- **Exercise details**: The entries below contain pictures, which are to be left out; write out exactly, and only, the lines from the line with "Neutral connection input" up to and including the line with "Now I'm gonna".

- **Provided entries**:
—————
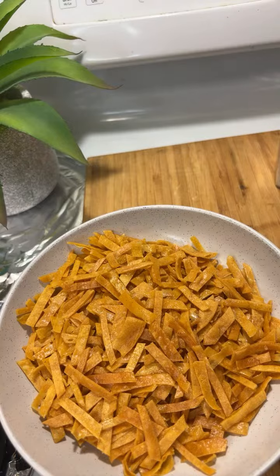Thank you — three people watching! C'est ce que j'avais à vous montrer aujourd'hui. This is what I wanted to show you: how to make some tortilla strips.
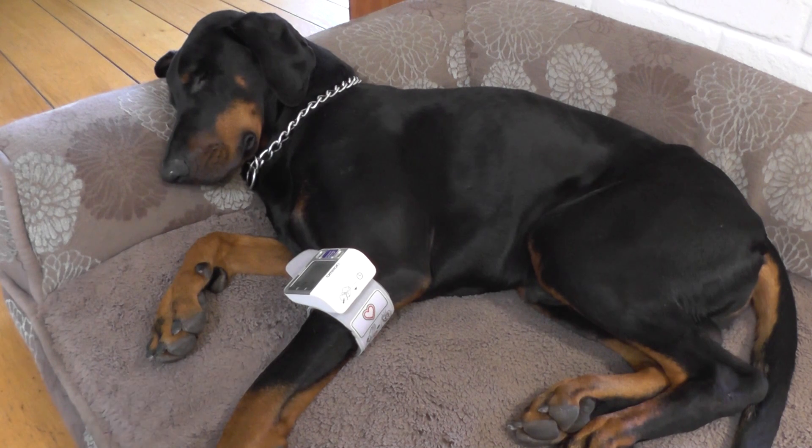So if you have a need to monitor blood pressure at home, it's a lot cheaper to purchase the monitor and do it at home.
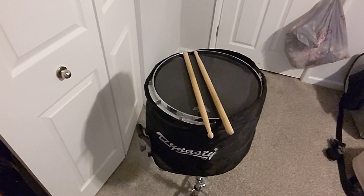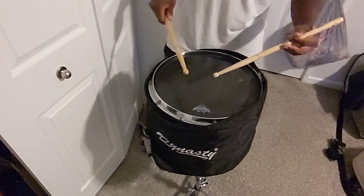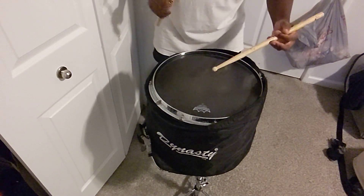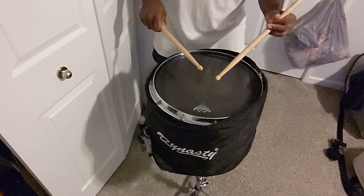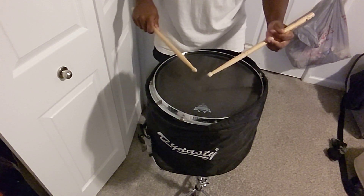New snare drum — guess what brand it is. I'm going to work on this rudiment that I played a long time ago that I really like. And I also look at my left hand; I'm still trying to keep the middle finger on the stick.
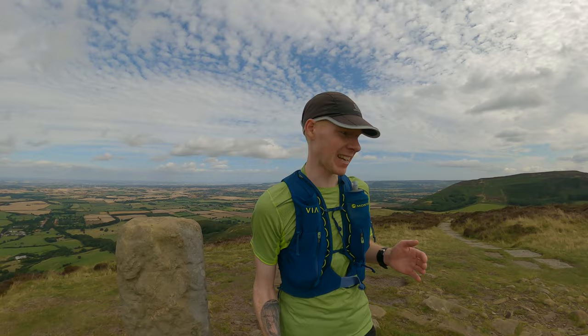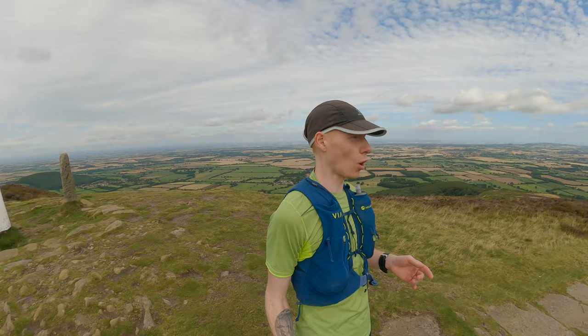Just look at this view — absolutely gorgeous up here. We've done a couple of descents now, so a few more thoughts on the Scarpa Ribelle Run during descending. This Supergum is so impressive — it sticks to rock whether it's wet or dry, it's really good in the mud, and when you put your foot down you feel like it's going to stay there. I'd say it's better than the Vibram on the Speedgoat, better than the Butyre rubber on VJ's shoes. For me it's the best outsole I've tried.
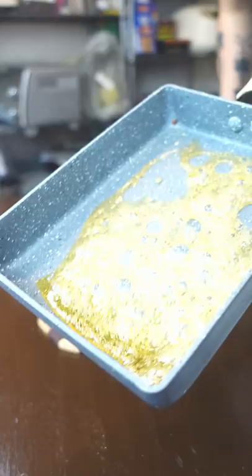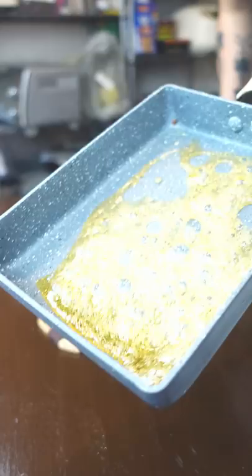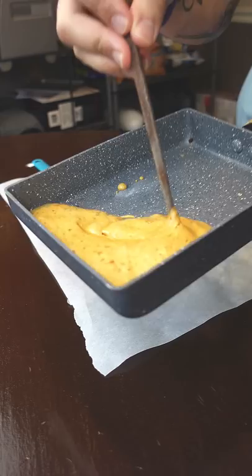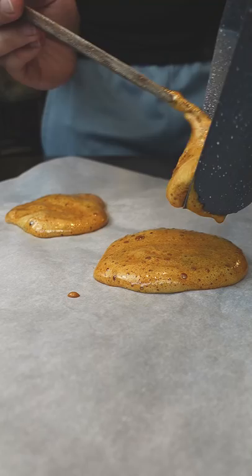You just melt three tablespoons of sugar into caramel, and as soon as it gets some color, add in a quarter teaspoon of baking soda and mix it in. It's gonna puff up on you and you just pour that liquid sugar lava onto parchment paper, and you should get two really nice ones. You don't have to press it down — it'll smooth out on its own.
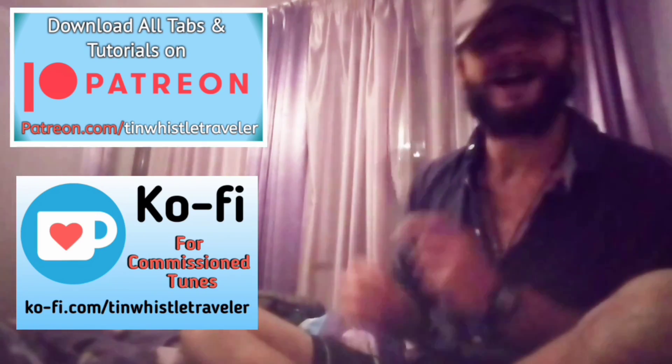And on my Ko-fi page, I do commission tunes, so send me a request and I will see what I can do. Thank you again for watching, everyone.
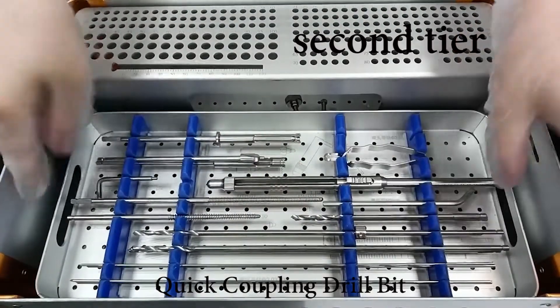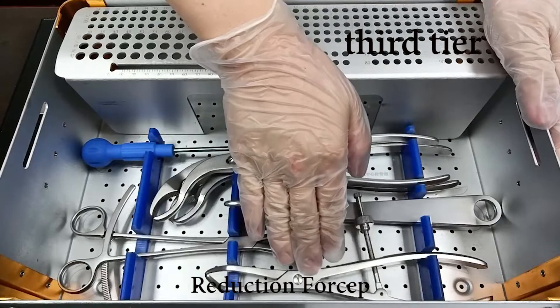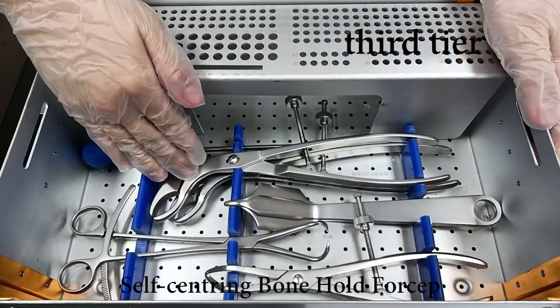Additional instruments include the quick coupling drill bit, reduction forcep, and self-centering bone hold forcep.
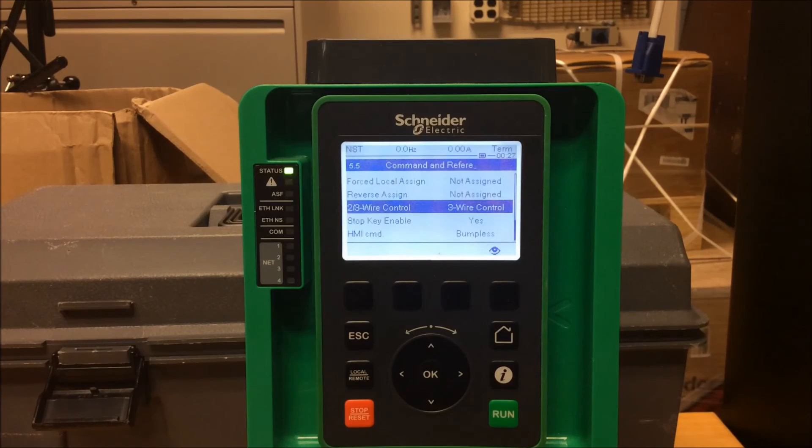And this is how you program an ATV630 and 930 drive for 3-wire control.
—————
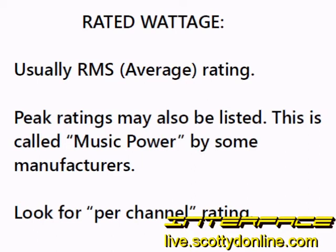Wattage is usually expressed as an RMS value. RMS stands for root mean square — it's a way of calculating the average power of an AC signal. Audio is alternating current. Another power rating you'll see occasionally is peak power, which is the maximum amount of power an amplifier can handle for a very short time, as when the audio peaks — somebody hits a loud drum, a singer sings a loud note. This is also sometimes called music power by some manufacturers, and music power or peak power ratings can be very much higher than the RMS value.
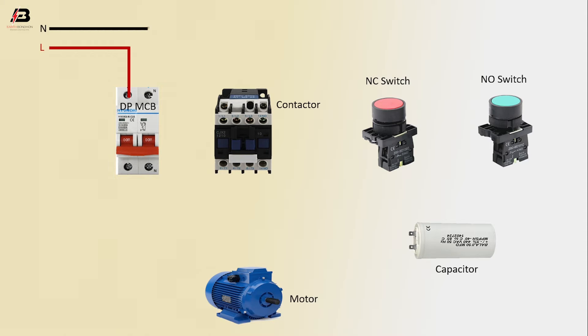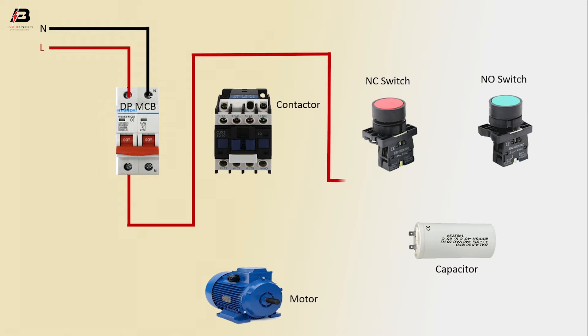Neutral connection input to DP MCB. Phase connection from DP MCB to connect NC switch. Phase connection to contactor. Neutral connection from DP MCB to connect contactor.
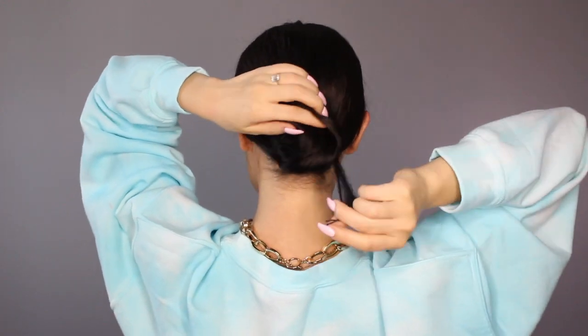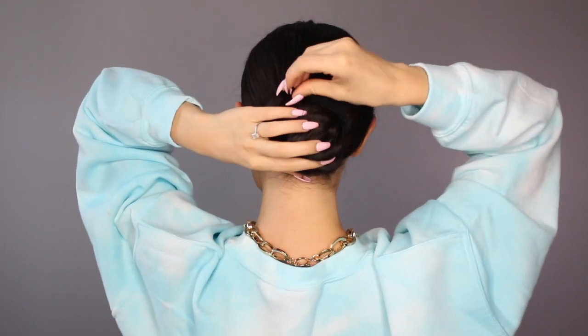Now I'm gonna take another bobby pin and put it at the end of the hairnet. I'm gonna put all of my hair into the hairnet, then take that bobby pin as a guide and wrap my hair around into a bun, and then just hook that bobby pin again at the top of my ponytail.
—————
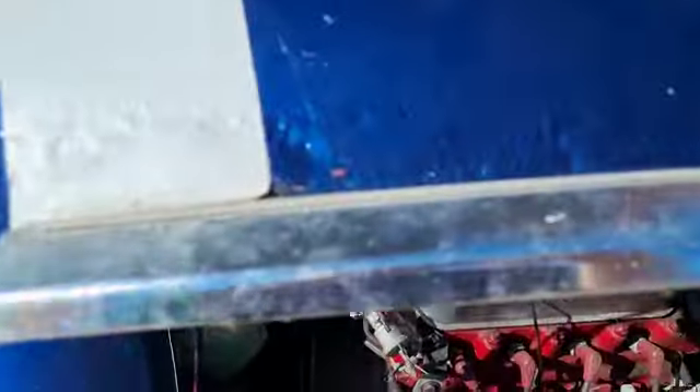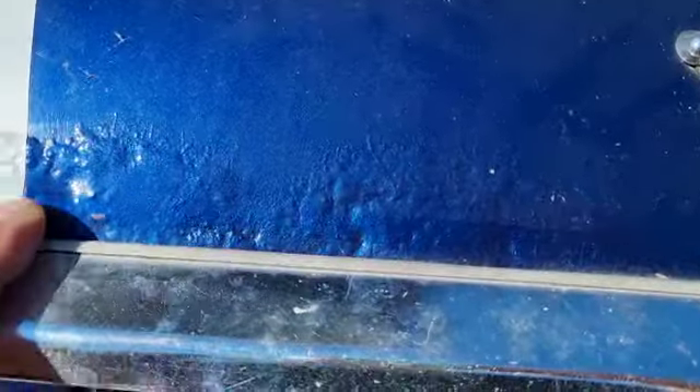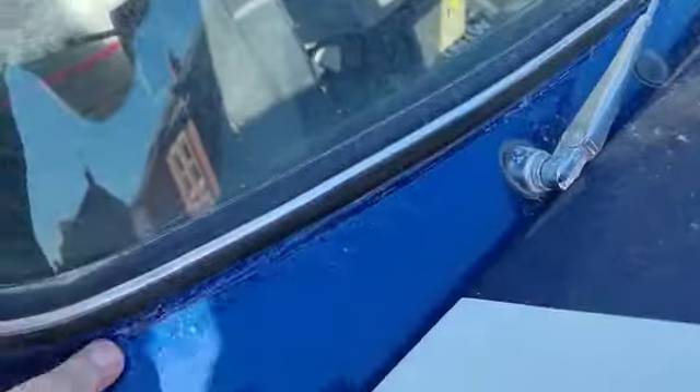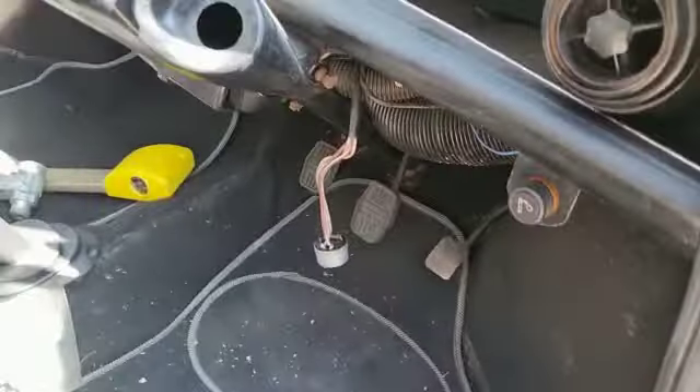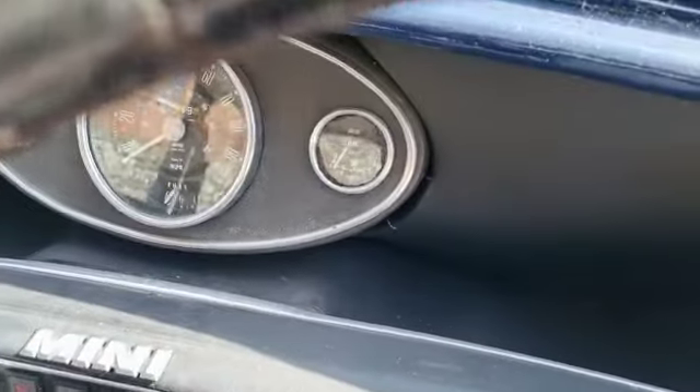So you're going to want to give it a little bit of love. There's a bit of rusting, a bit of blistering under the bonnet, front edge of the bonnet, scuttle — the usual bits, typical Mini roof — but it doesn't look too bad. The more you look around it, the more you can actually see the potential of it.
—————
- **Solution to the exercise**:
Neutral connection input to DP MCB. Phase connection from DP MCB to connect NC switch. Phase connection to contactor. Neutral connection from DP MCB to connect contactor.
Now I'm gonna take another bobby pin and put it at the end of the hairnet. I'm gonna put all of my hair into the hairnet, then take that bobby pin as a guide and wrap my hair around into a bun, and then just hook that bobby pin again at the top of my ponytail.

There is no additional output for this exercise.